Kadar belarang dalam bahan bakar dapat dikurangi dengan menggunakan teknologi tertentu. Dalam proses produksi, misalnya batubara, batubara biasanya dicuci untuk membersihkan batubara dari pasir, tanah dan kotoran lain, serta mengurangi kadar belerang yang berupa pirit  yaitu belerang dalam bentuk besi sulfide sampai 50-90.

  • Pengendalian Pencemaran Selama Pembakaran

Beberapa teknologi untuk mengurangi emisi SO2 dan NOx pada waktu pembakaran telah dikembangkan. Salah satu teknologi ialah lime injection in multiple burners (LIMB). Dengan teknologi ini, emisi SO2 dapat dikurangi sampai 80% dan NOx 50%.

Caranya dengan menginjeksikan kapur dalam dapur pembakaran dan suhu pembakaran diturunkan dengan alat pembakar khusus. Kapur akan bereaksi dengan belerang dan membentuk gipsum yaitu kalsium sulfat dihidrat. Penurunan suhu mengakibatkan penurunan pembentukan NOx baik dari nitrogen yang ada dalam bahan bakar maupun dari nitrogen udara.

Pemisahan polutan dapat dilakukan menggunakan penyerap batu kapur atau Ca(OH)2. Gas buang dari cerobong dimasukkan ke dalam fasilitas FGD. Ke dalam alat ini kemudian disemprotkan udara sehingga SO2 dalam gas buang teroksidasi oleh oksigen menjadi SO3.

Gas buang selanjutnya “didinginkan” dengan air, sehingga SO3 bereaksi dengan air (H2O) membentuk asam sulfat (H2SO4).
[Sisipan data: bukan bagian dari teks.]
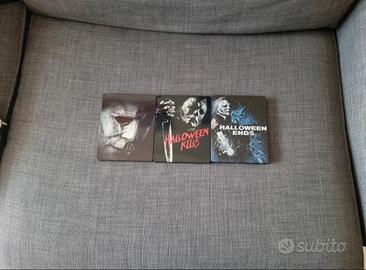Halloween 
Trilogia di David Gordon Green  
In Ste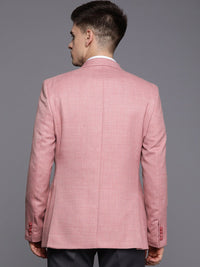 Raymond Contemporary Fit Single Breasted Formal Blazer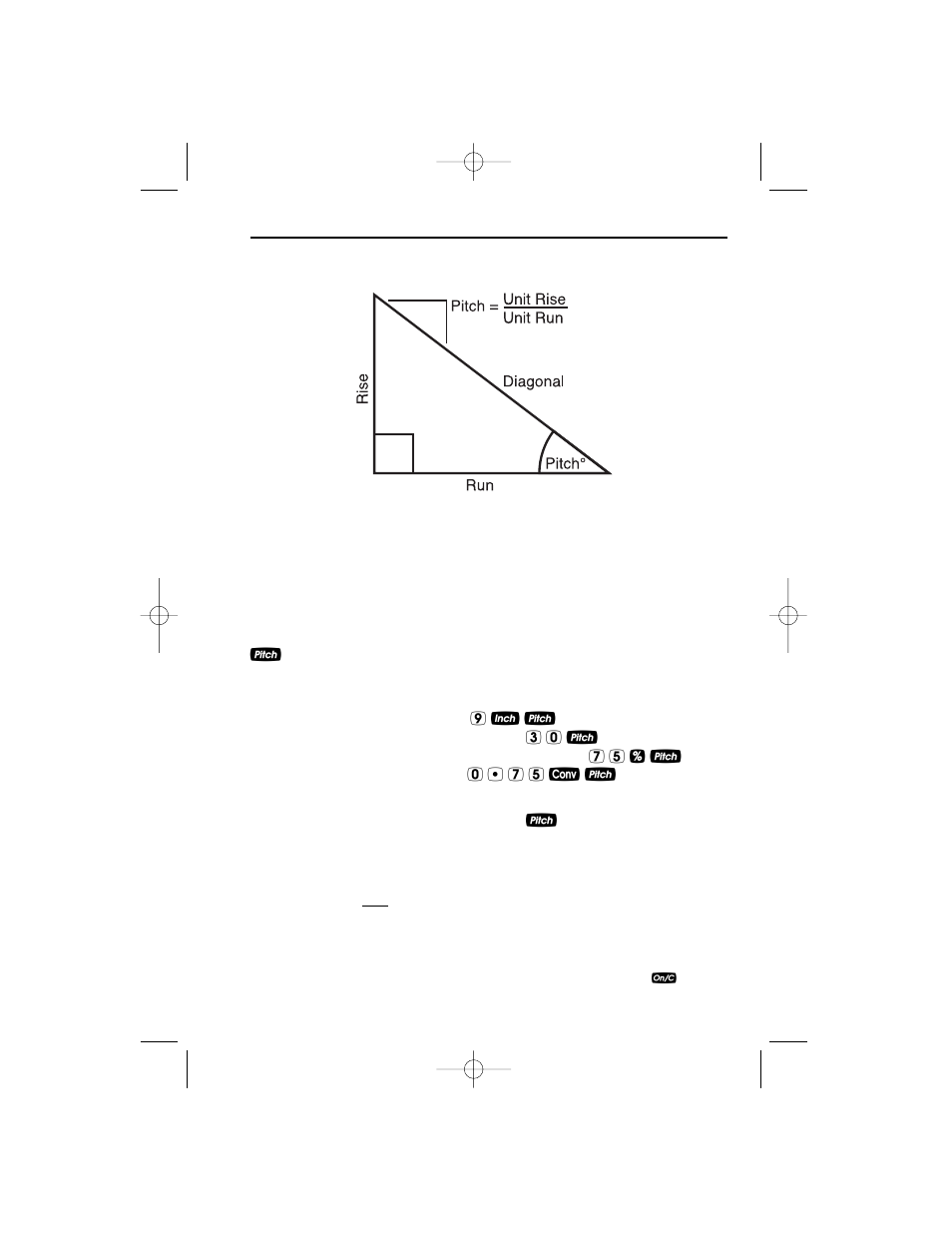 Calculated Industries 4065 v3.0 User Manual | Page 18 / 108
Asam sulfat selanjutnya direaksikan dengan Ca(OH)2 sehingga diperoleh hasil pemisahan berupa gipsum (gypsum). Gas buang yang keluar dari sistem FGD sudah terbebas dari oksida sulfur. Hasil samping proses FGD disebut gipsum sintetis karena memiliki senyawa kimia yang sama dengan gipsum alam.

  • Setelah Pembakaran

Zat pencemar juga dapat dikurangi dengan gas ilmiah hasil pembakaran. Teknologi yang sudah banyak dipakai ialah fle gas desulfurization (FGD). Prinsip teknologi ini ialah untuk mengikat SO2 di dalam gas limbah di cerobong asap dengan absorben, yang disebut scubbing. Dengan cara ini 70-95% SO2 yang terbentuk dapat diikat.

Kerugian dari cara ini ialah terbentuknya limbah. Akan tetapi limbah dapat pula diubah menjadi gipsum yang dapat digunakan dalam berbagai industri. Cara lain ialah dengan menggunakan amonia sebagai zat pengikatnya sehingga limbah yang dihasilkan dapat dipergunakan sebagi pupuk.

Selain dapat mengurangi sumber polutan penyebab hujan asam, gipsum yang dihasilkan melalui proses FGD ternyata juga memiliki nilai ekonomi karena dapat dimanfaatkan untuk berbagai keperluan, misal untuk bahan bangunan.

  • Mengaplikasikan prinsip 3R (Reuse, Recycle, Reduce)

Prinsip ini dijadikan landasan saat memproduksi suatu barang, dimana produk harus dapat digunakan kembali atau dapat didaur ulang sehingga jumlah sampah atau limbah yang dihasilkan dapat dikurangi.

Teknologi yang digunakan juga harus diperhatikan, teknologi yang berpotensi mengeluarkan emisi hendaknya diganti dengan teknologi yang lebih baik dan bersifat ramah lingkungan. Hal ini juga berkaitan dengan perubahan gaya hidup.